- About this exercise -
The reply should hold only the lines below beginning at the one with "Nutraxin Natural Sleep 60 Tablets - Flat Cut" and ending at the one with "2021 Diy Diamond", copied exactly, with every picture left out.

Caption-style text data
━━━━━━

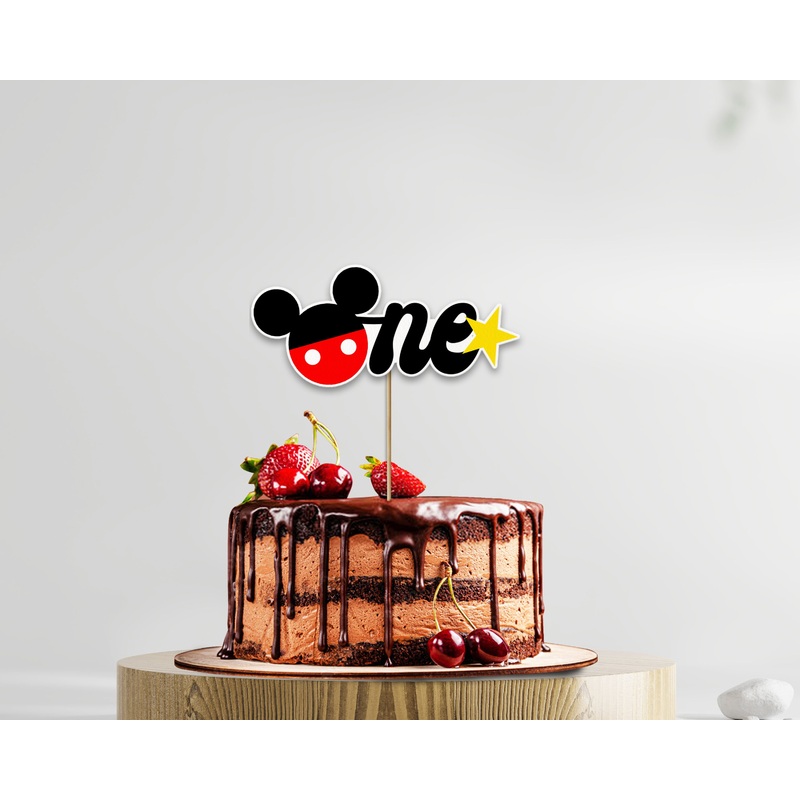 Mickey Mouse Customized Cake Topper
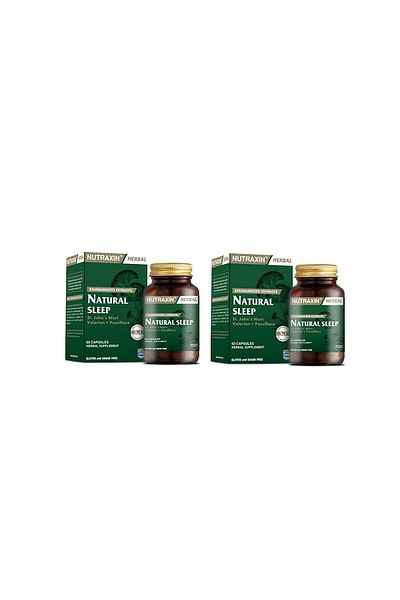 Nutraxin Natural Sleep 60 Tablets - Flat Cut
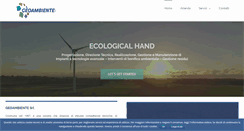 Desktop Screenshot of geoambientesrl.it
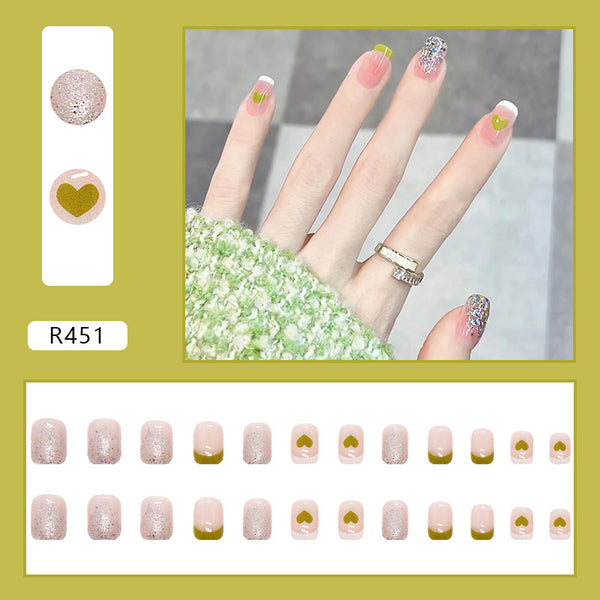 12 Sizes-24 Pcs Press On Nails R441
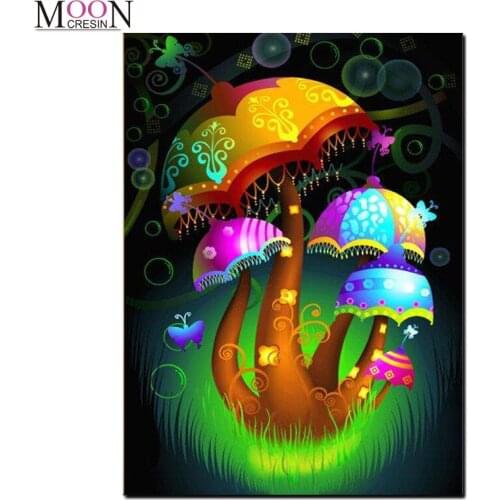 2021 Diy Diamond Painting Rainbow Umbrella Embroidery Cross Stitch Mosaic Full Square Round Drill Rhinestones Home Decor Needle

━━━━━━

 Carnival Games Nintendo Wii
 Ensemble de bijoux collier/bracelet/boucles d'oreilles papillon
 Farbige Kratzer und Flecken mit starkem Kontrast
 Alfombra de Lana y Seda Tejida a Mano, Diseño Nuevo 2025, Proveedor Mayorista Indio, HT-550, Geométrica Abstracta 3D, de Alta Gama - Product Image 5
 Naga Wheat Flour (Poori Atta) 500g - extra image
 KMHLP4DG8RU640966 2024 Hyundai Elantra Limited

━━━━━━

- Response for this exercise -
 Nutraxin Natural Sleep 60 Tablets - Flat Cut
 Desktop Screenshot of geoambientesrl.it
 12 Sizes-24 Pcs Press On Nails R441
 2021 Diy Diamond Painting Rainbow Umbrella Embroidery Cross Stitch Mosaic Full Square Round Drill Rhinestones Home Decor Needle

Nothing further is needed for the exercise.